Backup randomly stops

m.witt

Member
Aug 31, 2020
9
0
6
30
Hi,
im trying to backup about 40 VMs with PBS.

The backup stops/fails everyday at a different VM. From the logs i can't really see the cause. Only the following error is printed :

Sep 2 09:00:26 prx002 vzdump[15610]: ERROR: Backup of VM 2026 failed - start failed: org.freedesktop.DBus.Error.Disconnected: Connection is closed Sep 2 09:00:26 prx002 vzdump[15610]: INFO: Starting Backup of VM 2027 (qemu)

Logs of the last two days are attached.

root@prx002:~# pveversion -v
proxmox-ve: 6.2-1 (running kernel: 5.4.55-1-pve)
pve-manager: 6.2-11 (running version: 6.2-11/22fb4983)
pve-kernel-5.4: 6.2-6
pve-kernel-helper: 6.2-6
pve-kernel-5.3: 6.1-6
pve-kernel-5.4.60-1-pve: 5.4.60-1
pve-kernel-5.4.55-1-pve: 5.4.55-1
pve-kernel-5.3.18-3-pve: 5.3.18-3
pve-kernel-5.3.18-2-pve: 5.3.18-2
ceph-fuse: 12.2.11+dfsg1-2.1+b1
corosync: 3.0.4-pve1
criu: 3.11-3
glusterfs-client: 5.5-3
ifupdown: 0.8.35+pve1
ksmtuned: 4.20150325+b1
libjs-extjs: 6.0.1-10
libknet1: 1.16-pve1
libproxmox-acme-perl: 1.0.4
libpve-access-control: 6.1-2
libpve-apiclient-perl: 3.0-3
libpve-common-perl: 6.2-1
libpve-guest-common-perl: 3.1-2
libpve-http-server-perl: 3.0-6
libpve-storage-perl: 6.2-6
libqb0: 1.0.5-1
libspice-server1: 0.14.2-4~pve6+1
lvm2: 2.03.02-pve4
lxc-pve: 4.0.3-1
lxcfs: 4.0.3-pve3
novnc-pve: 1.1.0-1
proxmox-mini-journalreader: 1.1-1
proxmox-widget-toolkit: 2.2-11
pve-cluster: 6.1-8
pve-container: 3.1-13
pve-docs: 6.2-5
pve-edk2-firmware: 2.20200531-1
pve-firewall: 4.1-2
pve-firmware: 3.1-3
pve-ha-manager: 3.0-9
pve-i18n: 2.1-3
pve-qemu-kvm: 5.0.0-13
pve-xtermjs: 4.7.0-2
qemu-server: 6.2-14
smartmontools: 7.1-pve2
spiceterm: 3.1-1
vncterm: 1.6-2
zfsutils-linux: 0.8.4-pve1

Any hints on how i can debug this ?
 

Attachments

Hi,

Is your PBS updated?
and can you send the version of "libproxmox-backup-qemu0" and "proxmox-backup-client" on the PVE host?
Does a Desktop environment is installed on this PVE host?
 
Is your PBS updated?
and can you send the version of "libproxmox-backup-qemu0" and "proxmox-backup-client" on the PVE host?
Does a Desktop environment is installed on this PVE host?

PBS is updated.
Code:
ii  proxmox-backup-server          0.8.13-1                     amd64        Proxmox Backup Server daemon with tools and GUI

Please see below for requested versions on the PVE Host:
Code:
ii  libproxmox-backup-qemu0              0.6.4-1                             amd64        Proxmox Backup Server client library for QEMU
ii  proxmox-backup-client                0.8.13-1                            amd64        Proxmox Backup Client tools

There is no desktop / GUI installed on either of the servers.
Both hosts where installed with the corresponding official ISO.

The Backup Job will work fine for several hours until it aborts.
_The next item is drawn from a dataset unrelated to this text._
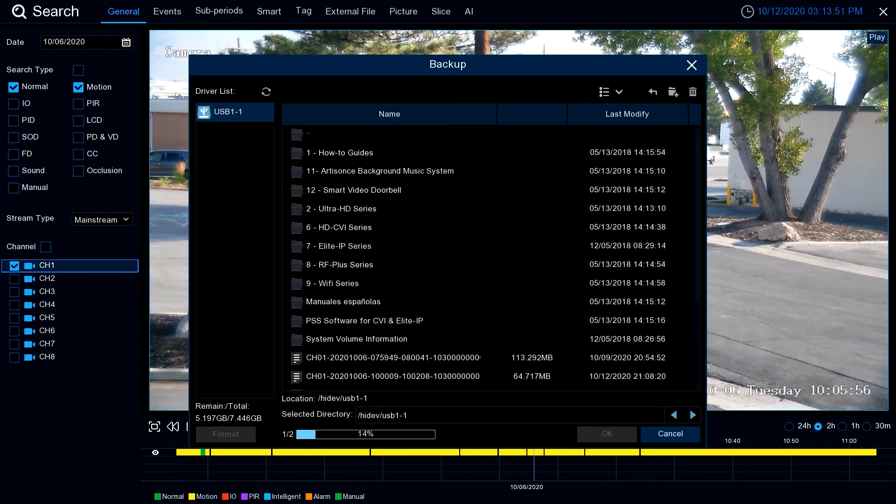With that said, this is how you make a backup of your playback footage. Thanks for watching.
It never finished succesfully. Is there anything we can do to produce more debug output in either the client or the server side? Reproducing the issue takes a long time but is generally is not a problem.
 
The problem is DBus debugging is not funny if you don't know what you are looking for.
Have any extra installed software on this node(PVE)?
 
The problem is DBus debugging is not funny if you don't know what you are looking for.
Have any extra installed software on this node(PVE)?
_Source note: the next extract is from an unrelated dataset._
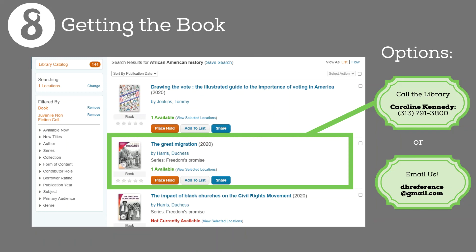For brevity, I'll tell you about the second item in the list: 'The Great Migration.' The summary says between 1916 and 1970, more than six million African Americans migrated from the South to the North to escape racial violence. There's also mention that it aligns with common core standards. We'll pretend this book is something that will work for your child's project. Now, to get your hands on it.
Yes. For example: fail2ban, lldp, nrpe, ksmd, etc. I will disable all those services and start another backup run. Will report back.
 
We moved all 40 VMs to a new/vanilla pve host. The first couple backup runs where completing without errors. All VMs where correctly processed and it took roughly 15 hours to backup all the VMs.
However, recently the same error
Code:
ERROR: Backup of VM 2056 failed - start failed: org.freedesktop.DBus.Error.Disconnected: Connection is closed
started to show on the new pve host as well. We updated to 0.8.14 yesterday and started another backup run during the night. Got the same (dbus) error after roughly 4 hours.
Any pointers as to what to change, where to look etc would be appreciated.
 
Could it be that the server is overloaded. I mean in case of CPU?
Do you have any CPU workloads during the backup?
If not can you run atop and record the CPU workload during the next Backup?
 
Could it be that the server is overloaded. I mean in case of CPU?
Do you have any CPU workloads during the backup?
If not can you run atop and record the CPU workload during the next Backup?
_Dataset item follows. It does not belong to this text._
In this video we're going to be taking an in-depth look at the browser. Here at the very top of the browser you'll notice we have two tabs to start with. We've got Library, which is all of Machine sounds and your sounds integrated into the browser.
I find it unlikely that CPU is experiencing issues but i can certainly make sure. Will create atop file for both the pve node as well as the pbs node and report back here.
 
I find it unlikely that CPU is experiencing issues but i can certainly make sure.
We never see this problem before. And I think 40 VM for a single node can be very much load for cpu scheduling.
We know also if the VM vcpus are not used the load on the host CPU is rising through scheduling the vcpus.
The error you are having means, in my opinion, that you cannot start the VM in time.
Maybe we could increase the timeout but this is not normal. And as this product, Proxmox Backup server is beta we try to understand things before we change.
 
I understand. But: This is a testing scenario and the 40 VMs are offline. There is almost nothing else consuming any resources - and there are plenty of resources.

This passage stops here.